L’accelerazione di queste ore è legata alla direzione Pd. Vedere una chiusura netta a qualunque ipotesi di un’alleanza con i grillini, ha stizzito il vertice del M5S. Le mosse sono state rapide, come le telefonate. Gli emissari di Di Maio e di Matteo Salvini si sono sentiti e hanno firmato la prima intesa, anticamera al patto finale.
Se tutto sarà confermato, la presidenza del Senato dovrebbe andare a Danilo Toninelli, e quella della Camera al leghista Giancarlo Giorgetti. Un capovolgimento dell’opzione iniziale che prevedeva Roberto Calderoli a Palazzo Madama e il grillino Emilio Carelli a Montecitorio. Ma da ambienti leghisti raccontano di una forte insistenza dei 5 Stelle per avere la camera alta. Il motivo? La convinzione che se si dovesse tentare un mandato esplorativo, sarà meglio farlo da protagonisti ma con la copertura istituzionale della seconda carica dello Stato, per evitare di bruciare, con un azzardo politico, Di Maio.
Alla chiusura della direzione dem, Di Maio irrompe furioso su Twitter: «Gli italiani si aspettano responsabilità da chi ha fatto questa legge elettorale, ma assistiamo ai soliti giochi di potere sulla pelle dei cittadini». Citando il Rosatellum come causa della palude, lascia una traccia che porta dritto al dialogo aperto con la Lega. Poche ore prima era stato Luca Zaia, governatore del Veneto, leghista, a sostenere come unica alternativa a un esecutivo guidato dal capo del Carroccio, «un governo politico a tempo per fare la legge elettorale e andare a votare».
Il M5S ci starebbe ma a condizioni ben precise: il governo non dovrà essere «politico», nessun ministro del M5S dovrà farne parte, ma anche nessuno degli altri partiti; dovrà essere coinvolta anche la Lega, perché i grillini non vogliono dare un vantaggio competitivo all’avversario, e dovrà avere una data di scadenza che corrisponde all’approvazione della legge elettorale. Di questo piano sono informati pochissimi oltre a Di Maio. Tra questi, almeno due ministri-ombra pesanti della squadra di governo presentata prima del voto.
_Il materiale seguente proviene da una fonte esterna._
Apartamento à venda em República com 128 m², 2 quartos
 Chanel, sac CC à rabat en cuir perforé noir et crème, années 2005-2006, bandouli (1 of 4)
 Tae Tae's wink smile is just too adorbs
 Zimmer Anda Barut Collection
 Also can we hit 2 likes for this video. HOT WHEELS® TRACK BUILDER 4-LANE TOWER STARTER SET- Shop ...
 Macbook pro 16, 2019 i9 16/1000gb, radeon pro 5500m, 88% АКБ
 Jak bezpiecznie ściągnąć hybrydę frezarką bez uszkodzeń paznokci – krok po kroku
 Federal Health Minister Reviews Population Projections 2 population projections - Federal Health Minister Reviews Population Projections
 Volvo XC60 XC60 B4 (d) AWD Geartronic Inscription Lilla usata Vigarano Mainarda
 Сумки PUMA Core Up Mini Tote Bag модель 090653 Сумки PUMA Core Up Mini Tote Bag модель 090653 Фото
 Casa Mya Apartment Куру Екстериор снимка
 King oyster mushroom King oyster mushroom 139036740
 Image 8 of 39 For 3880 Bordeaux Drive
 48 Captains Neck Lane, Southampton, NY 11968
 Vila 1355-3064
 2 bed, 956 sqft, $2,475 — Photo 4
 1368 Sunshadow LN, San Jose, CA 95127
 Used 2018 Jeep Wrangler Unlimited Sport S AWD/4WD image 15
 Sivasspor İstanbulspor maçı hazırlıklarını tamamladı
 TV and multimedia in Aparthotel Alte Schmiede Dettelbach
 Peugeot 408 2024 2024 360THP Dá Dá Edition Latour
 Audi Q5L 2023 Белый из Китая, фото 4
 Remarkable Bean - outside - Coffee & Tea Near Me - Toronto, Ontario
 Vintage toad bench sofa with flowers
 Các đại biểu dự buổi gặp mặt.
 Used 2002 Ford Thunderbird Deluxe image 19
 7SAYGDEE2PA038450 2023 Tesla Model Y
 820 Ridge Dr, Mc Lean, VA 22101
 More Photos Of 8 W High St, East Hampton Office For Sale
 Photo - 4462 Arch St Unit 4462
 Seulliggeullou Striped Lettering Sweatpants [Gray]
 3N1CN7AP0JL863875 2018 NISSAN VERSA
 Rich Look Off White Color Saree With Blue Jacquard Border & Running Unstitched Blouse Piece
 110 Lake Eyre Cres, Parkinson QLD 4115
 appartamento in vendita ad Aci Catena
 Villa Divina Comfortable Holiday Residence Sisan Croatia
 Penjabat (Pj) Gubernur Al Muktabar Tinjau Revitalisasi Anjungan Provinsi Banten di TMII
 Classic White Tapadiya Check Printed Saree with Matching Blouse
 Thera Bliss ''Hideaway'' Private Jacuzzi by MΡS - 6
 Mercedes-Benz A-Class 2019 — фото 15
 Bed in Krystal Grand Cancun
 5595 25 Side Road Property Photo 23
Entrambi confermano alla Stampa il patto con Salvini: «Sarebbe un esecutivo breve, a cui il M5S darebbe una sorta di appoggio esterno, che servirà a disinnescare le clausole di salvaguardia e a inserire un premio di maggioranza per chi prenderà il 40%».
È l’unica formula che non risulterebbe indigesta a Di Maio, perché evita la contaminazione politica del M5S in un governo dove non sia lui il premier. E deve prevedere l’assoluta certezza che anche la Lega sarà pronta a levargli l’appoggio nel caso in cui il premier non si dimettesse, una volta raggiunti gli obiettivi di una manovra economica light e dei correttivi alla legge elettorale. La Lega nel frattempo avrebbe compiuto l’opera di egemonizzazione del centrodestra. E il nuovo bipolarismo, che è già all’orizzonte, si strutturerebbe come realtà: «Con il premio al 40% ce la potremmo giocare solo noi e la Lega», è il ragionamento Di Maio, pronto a scippare un altro pezzo di elettorato al Pd e alla sinistra. In fondo, il sostegno percepito da parte della Chiesa, l’ammorbidimento dei toni sui migranti, la svolta governista sulle Olimpiadi e la linea soft su euro ed Europa, sono il terreno sul quale Di Maio si sta già costruendo come alternativa a Salvini per le prossime elezioni.